And the philosophers, considering what had been revealed to them, rejoyced.

Cleopatra said to them. “The waters, when they come, awake the bodies and the spirits which are imprisoned and weak. For they again undergo oppression and are enclosed in Hades, and yet in a little while they grow and rise up and put on divers glorious colors like the flowers in springtime and the spring itself rejoices and is glad at the beauty that they wear.3 For I tell this to you who are wise: when you take plants, elements, and stones from their places, they appear to you to be mature. But they are not mature until the fire has tested them. When they are clothed in the glory from the fire and shining color thereof, then rather will appear their hidden glory, their sought-for beauty, being transformed to the divine state of fusion. For they are nourished in the fire and the embryo grows little by little nourished in its mother’s womb, and when the appointed month approaches is not restrained from issuing forth. Such is the procedure of this worthy art. The waves and surges one after another in Hades wound them in the tomb where they lie. When the tomb is opened they issue from Hades as the babe from the womb.”

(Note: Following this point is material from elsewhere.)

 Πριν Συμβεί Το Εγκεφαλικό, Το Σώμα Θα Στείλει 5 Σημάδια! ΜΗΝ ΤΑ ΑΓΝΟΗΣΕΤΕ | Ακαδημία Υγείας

The Alchemy Reader (pp. 44-45). Cambridge University Press. Kindle Edition.

The death and resurrection motif used here are probably disguising a process which is described later by the Arabic alchemists of the spirit of a substance rising up in sublimation where it is perfected, then recombined with the "corpse" or non-sublimated substance (prima materia), so that the perfected spirit will then create a more gold-like material.

References to the womb and to birth are analogous to the creation of the philosophers stone in a flask.

References to colors will be a near-constant theme in alchemy. The changing form one color to the next was accepted as proof that the material has changed its nature and has become a different element or metal.

It surprises me how fully developed alchemy seems to be even at this very early date.